Le 25 septembre dernier marque un nouveau tournant dans la restructuration du groupe. L’objectif est cette fois de « créer une nouvelle dynamique de succès pour la Recherche, nécessaire afin d’assurer la pérennité du groupe ». Le discours a déjà été entendu par les chercheurs de Sanofi qui, cette fois, ne veulent pas voir leurs structures passer à la trappe. La résistance s’installe dès le mois de juillet dans tous les centres de R&D du groupe (2), en particulier à Toulouse, où comme le chante si bien Claude Nougarou, « Même les mémés aiment la castagne » ! Après quelques passes d’armes musclées, au cours desquelles Sanofi est transformé en « Sanofric », le site toulousain qui emploie 600 personnes ne figure plus dans la liste des centres à liquider. « Installé dans la région depuis 1965, le site de R&D de Toulouse  a très largement contribué à la découverte et au développement des grands médicaments du Groupe. » Il est aussi membre actif du nouveau « oncopôle« , né des cendres d’AZF. « Aujourd’hui, le site de Toulouse conjugue expertise, innovation et ouverture », indique son site Internet.
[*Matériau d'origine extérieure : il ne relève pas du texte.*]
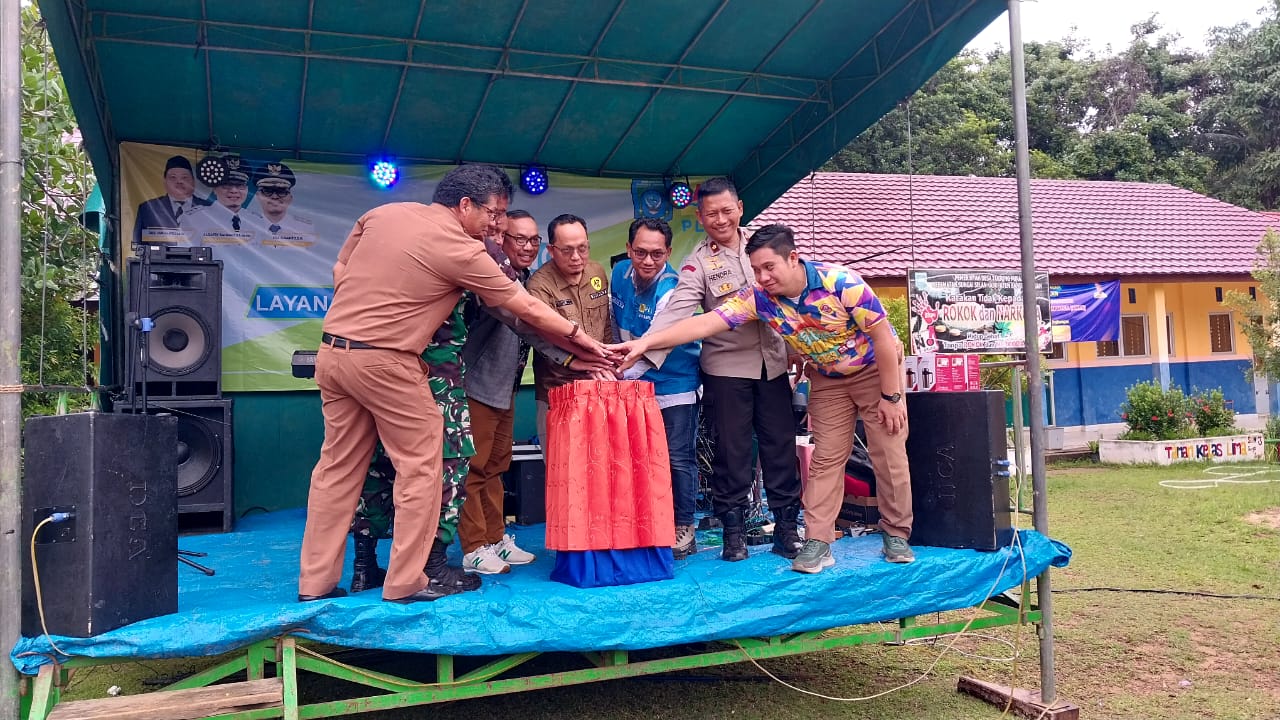  Listrik Pulau Nangka Kini 24 Jam, Bupati Bateng pun Happy, Thanks BPJ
Mais le laboratoire a déjà perdu sur la place, à Colomiers, une usine de fabrication de suppositoires, employant 200 personnes et les cols blancs de la recherche ne veulent pas faire les frais d’une autre restructuration. « La recherche et le développement de nouvelles molécules sont au coeur de la mission de sanofi-aventis », précise de son côté le site web du groupe. Ce sont plus de 6 500 hommes et femmes qui mettent toute leur énergie et leur créativité pour répondre aux besoins de santé de demain. » Mais ces hommes et ces femmes ne veulent plus voir leur avenir condamné par leur maison-mère qui a fait ses comptes, estime que ses centres de recherche ne sont ni productifs, ni rentables et leur préfère une politique d’acquisition de molécules par l’entremise de partenariats extérieurs. A l’instar d’autres élus de l’Helvétie voisine, le maire de Toulouse, Pierre Cohen, s’insurge et entre à son tour en résistance, en suggérant même qu’une future loi contre les licenciements abusifs porte le nom de Sanofi.

« Une activité facile à délocaliser »

Mercredi 3 octobre les salariés de Sanofi se retrouvent devant le tout nouveau et luxueux siège du groupe à Paris, rue de la Boétie, auteur du Discours de la servitude volontaire. Ils auront en tête les propos de Christian Lajoux, président de Sanofi France et patron du LEEM, qui rappelait samedi 29 septembre sur France Inter : « Les 900 suppressions d’emplois sont tout le contraire d’un licenciement boursier. Nous sommes dans une logique industrielle de reconfiguration de nos structures ». Mais sans doute aussi ceux de l’économiste Claude Le Pen, qui, dans la même émission, ajouta : « La recherche ne sera plus le métier de l’industrie pharmaceutique. C’est une activité facile à délocaliser. » Le mouvement est déjà enclenché, dans la production comme pour la R&D et la messe semble dite. Chez Sanofi, comme dans d’autres big pharma, le salut passe désormais par l’Asie.

Jean-Jacques Cristofari

(1) Pharmaceutiques, Chris Viehbacher, dg de Sanofi-Aventis : « Nous devons trouver des activités plus pérennes », mai 2009

(2) Le 25 septembre, la direction de Sanofi précise :

« Les champs d’activités des sites de Recherche et de Développement en France évolueraient au cours des 3 prochaines années, notamment pour renforcer nos réseaux scientifiques, académiques et privés :

♦ Les activités de développement seraient maintenues dans leur configuration actuelle sur les sites de Vitry/Alfortville, Chilly-Mazarin/Longjumeau et de Lyon.
♦ Le site de Montpellier évoluerait progressivement vers un centre stratégique dédié au développement.
♦ Les activités de recherche des sites de Vitry/Alfortville et de Chilly-Mazarin/Longjumeau seraient renforcées.
♦ Le site de Strasbourg maintiendrait sa dynamique de plateforme collaborative ouverte à la recherche académique et aux biotechnologies.
♦ Un centre d’excellence mondial des maladies infectieuses serait créé à Lyon.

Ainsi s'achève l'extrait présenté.